I remember turning 26 and realizing that I was now too old to stay in many hostels. As a friend ever so kindly pointed out, "they're called youth hostels for a reason." Not that all hostels were off-limits. There was that family I had met in Peru. And that man in his 50s who had spoken so livingly of his wife and kids for letting him live his dream of backpacking New Zealand for a month after his employer laid him off. And the grandpa I had met in a hostel on a Viking boat who kept saying, "To paraphrase Danny Glover, I'm too old for this ship." I had seen older adults keeping the joy of hosteling alive, and I was determined to age gracefully into one of those people.
My husband was not. He never liked hostels. He never will like hostels. What he does like is me. And in appeasing me over the years, he has given up comfort and showers for bedbugs and drafty rooms.
In an effort to connect with my roots and save money for our trek to the wedding in Germany, I booked hostels. And I learned something pretty shocking. Turns out there is a massive difference between the irritation of being kept awake by strangers snoring, as well as sharing a kitchen with people who steal your food, when you are still a "youth" and what you feel when you are six months pregnant and toting a toddler.

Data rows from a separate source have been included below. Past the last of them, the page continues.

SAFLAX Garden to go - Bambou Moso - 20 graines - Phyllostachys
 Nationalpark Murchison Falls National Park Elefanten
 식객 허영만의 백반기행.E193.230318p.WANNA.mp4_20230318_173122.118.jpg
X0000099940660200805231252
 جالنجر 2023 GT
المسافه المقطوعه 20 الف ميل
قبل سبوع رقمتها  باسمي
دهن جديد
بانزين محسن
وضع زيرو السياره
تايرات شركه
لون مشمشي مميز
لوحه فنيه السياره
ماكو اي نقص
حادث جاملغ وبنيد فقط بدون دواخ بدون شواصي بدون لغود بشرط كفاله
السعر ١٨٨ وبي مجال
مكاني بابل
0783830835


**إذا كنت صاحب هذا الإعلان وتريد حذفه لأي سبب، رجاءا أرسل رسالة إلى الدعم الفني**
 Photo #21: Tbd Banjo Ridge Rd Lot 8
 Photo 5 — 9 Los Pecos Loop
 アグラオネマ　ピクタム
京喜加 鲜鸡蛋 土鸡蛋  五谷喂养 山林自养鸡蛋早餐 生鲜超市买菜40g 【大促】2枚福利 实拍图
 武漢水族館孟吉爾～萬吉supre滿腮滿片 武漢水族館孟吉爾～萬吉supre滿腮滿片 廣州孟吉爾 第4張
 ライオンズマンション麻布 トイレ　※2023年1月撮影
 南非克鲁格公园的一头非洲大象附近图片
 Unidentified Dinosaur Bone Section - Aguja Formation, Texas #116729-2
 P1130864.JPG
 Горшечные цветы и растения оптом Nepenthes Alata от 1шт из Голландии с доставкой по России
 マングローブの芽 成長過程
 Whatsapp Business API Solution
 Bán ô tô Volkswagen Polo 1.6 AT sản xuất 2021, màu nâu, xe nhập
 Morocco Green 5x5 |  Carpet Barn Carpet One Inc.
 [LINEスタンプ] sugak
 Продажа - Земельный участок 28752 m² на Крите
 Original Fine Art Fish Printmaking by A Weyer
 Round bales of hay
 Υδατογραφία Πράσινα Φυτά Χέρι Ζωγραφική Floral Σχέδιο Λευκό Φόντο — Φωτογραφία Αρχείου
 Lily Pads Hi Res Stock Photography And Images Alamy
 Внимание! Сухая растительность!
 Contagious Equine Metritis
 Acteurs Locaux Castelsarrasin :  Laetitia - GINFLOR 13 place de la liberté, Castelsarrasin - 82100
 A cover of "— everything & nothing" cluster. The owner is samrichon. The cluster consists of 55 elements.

After getting locked out of our hostel and pulling a toddler and my growing belly up four flights of slanting stairs that looked as if they were being held up by two rusted nails and some hair spray — only to arrive once again in a room that had no curtains despite the late-night sun — I felt the glare of my husband's "I told you so" expression from across the room as he put down the stroller and massive suitcase and backpack.
I turned to him and said: "It's official. I'm too old for this ship."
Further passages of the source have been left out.